A little over sixty years ago, Dr. W. Edwards Deming visited Japan. His purpose in going there was to share what we know today as the PDCA cycle. Based on the scientific method the PDCA cycle works in cyclical iterations, with each step moving the practitioner closer to their objective.
Over the years the PDCA cycle has been used for process improvements, quality projects and developing critical thinkers. In more recent years the PDCA cycle has been utilized with great success at a strategic level. Yes we are hinting that aggregate activities that impact the bottom line and resources can experience transformative results when the PDCA cycle is applied. In today's Tuesday tip, we will talk about the first stage of lean implementation and how continuous improvement can be driven using the PDCA cycle.
Assuming you have a vision established, we are ready to begin. Oh and our apologies but we refer to PDCA in this article as Prepare, Do, Continuously Improve and Again. So let's jump into the first part of implementation "prepare."
What does it mean to "prepare?"
One definition of the term prepare is: to make something ready. In order for us to make our organization ready for a lean implementation we must first look at the current state of the organization. This look at the current state is your opportunity to strategically analyse where we are at. A few key steps in analysing your organization will be understanding what is happening and preparing a plan for implementation.
Step 1- Understand
The purpose first is for everyone to understand exactly where you are. One fantastic tool you can use in your understanding of the current state is a current state value stream map. You will want to map the "door to door" process at a fairly high level (note- eventually you should look at an extended view). The objective of this value stream map is to take a hard look at the organization and identify opportunities to improve.

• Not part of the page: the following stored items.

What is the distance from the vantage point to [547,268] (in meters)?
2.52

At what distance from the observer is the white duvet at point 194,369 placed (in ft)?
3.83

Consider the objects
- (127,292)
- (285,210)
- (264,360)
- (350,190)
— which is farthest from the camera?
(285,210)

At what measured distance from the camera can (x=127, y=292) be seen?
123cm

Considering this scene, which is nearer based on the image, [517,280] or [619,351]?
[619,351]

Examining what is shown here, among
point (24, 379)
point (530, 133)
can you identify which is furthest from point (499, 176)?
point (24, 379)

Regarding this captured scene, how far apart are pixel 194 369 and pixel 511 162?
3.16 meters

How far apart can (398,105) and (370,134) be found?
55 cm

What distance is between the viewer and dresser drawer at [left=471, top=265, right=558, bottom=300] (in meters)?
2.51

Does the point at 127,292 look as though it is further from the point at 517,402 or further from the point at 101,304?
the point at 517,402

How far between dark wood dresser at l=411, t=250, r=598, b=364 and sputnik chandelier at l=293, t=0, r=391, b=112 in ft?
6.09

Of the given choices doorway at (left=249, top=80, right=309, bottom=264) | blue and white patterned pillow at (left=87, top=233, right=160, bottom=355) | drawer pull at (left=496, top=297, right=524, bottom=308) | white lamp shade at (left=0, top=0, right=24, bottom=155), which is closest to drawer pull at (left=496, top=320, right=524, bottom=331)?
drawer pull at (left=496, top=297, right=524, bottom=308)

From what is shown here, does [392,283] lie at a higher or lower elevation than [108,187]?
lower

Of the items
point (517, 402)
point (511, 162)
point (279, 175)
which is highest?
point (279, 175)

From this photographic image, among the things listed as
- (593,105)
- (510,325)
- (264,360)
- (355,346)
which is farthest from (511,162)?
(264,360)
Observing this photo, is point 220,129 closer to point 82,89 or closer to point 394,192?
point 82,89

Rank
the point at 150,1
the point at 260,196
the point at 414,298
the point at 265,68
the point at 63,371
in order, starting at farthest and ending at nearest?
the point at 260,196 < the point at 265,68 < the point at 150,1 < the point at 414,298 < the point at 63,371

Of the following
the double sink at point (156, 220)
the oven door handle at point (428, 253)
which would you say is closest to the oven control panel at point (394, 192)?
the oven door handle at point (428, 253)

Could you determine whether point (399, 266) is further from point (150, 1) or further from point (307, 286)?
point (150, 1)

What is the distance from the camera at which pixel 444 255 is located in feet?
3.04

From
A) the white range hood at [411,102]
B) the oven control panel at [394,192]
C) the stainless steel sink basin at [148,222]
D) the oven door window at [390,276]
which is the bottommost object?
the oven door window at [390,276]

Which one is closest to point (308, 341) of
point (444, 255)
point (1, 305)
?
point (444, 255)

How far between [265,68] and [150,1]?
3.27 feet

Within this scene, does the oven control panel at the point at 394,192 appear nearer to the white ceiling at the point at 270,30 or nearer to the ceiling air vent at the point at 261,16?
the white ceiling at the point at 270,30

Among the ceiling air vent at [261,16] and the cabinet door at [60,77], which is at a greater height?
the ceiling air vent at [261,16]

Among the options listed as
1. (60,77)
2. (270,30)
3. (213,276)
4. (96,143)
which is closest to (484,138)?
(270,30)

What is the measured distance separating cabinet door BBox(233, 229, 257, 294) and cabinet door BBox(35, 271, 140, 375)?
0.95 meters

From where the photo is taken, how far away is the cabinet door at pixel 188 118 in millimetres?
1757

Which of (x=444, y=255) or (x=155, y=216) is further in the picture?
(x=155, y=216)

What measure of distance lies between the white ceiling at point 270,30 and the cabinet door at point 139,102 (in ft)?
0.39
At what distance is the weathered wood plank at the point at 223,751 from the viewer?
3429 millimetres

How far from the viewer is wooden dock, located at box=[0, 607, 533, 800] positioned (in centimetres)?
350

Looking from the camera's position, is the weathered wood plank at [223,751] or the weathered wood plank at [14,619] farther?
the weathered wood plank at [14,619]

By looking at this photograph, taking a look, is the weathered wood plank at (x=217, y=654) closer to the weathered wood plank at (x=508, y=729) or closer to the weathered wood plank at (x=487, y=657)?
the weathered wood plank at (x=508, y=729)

Step 2 - Take a SWOT at it!
Okay, now that we understand the organization much better we are ready to start fixing everything. Wrong! taking a SWOT at it would not be the best swing at the hundreds of flies you most likely have found, however performing a SWOT analysis will keep you on track. Before we go fixing everything we first should identify what are our strengths, weaknesses, opportunities and threats from both an internal and external perspective.
Step 3 - Measure it
After all of the analysis and understanding we are now ready to establish some metrics for assessing and measuring our journey towards the vision. These key performance indicators should be linked to the strategic objectives that are specific for your organization. Hurry up and take your time establishing these KPI's they will be used throughout your strategic implementation to show performance levels and track progress towards objectives. This is the stage where benchmarking can be very powerful. Some possible key performance indicators you may want to use are; On-time delivery, first pass yield, Inventory turnover, fill rate or even our T.E.M.P. Assessment which takes a broad look at both qualitative and quantitative measures.
By now you should have a very clear understanding of where you are at, additionally your strengths, weaknesses, opportunities and the threats that may be creeping up are out in the open and key leadership has been made aware. Finally establishing key performance indicators will help you track progress and notify you of GAPS which points us to the next step of the "prepare" phase.
Step 4 - Plan of attack
Now it's feeling like strategy. We have understanding, Strengths, weaknesses, opportunities and threats and gaps and issues that have been preventing us from reaching goals and objectives are all laying on the table ready to be improved. Those gaps may be thinking "let's just close" at this point. Why? Because they are being measured and what get's measured can no longer hide. The last and final step of preparation is to plan your implementation and how the organization will handle behavior and culture changes that will undoubtedly come. This stage is all about laying out the appropriate "tactical activities" that will support accomplishing strategic objectives. A Yamazumi chart like the one shown below will be helpful in laying your plan out and showing everyone where the plan is at.
Remember just as the saying goes if you fail to plan you can plan to fail here too, so be sure that your preparation phase includes a deep analysis of opportunities in the current state and that you have established KPI's that provide a clearly defined assessment of exactly where you are at. In the next Tuesday Tip we will jump into the Do Phase of our 4 step Continuous improvement implementation.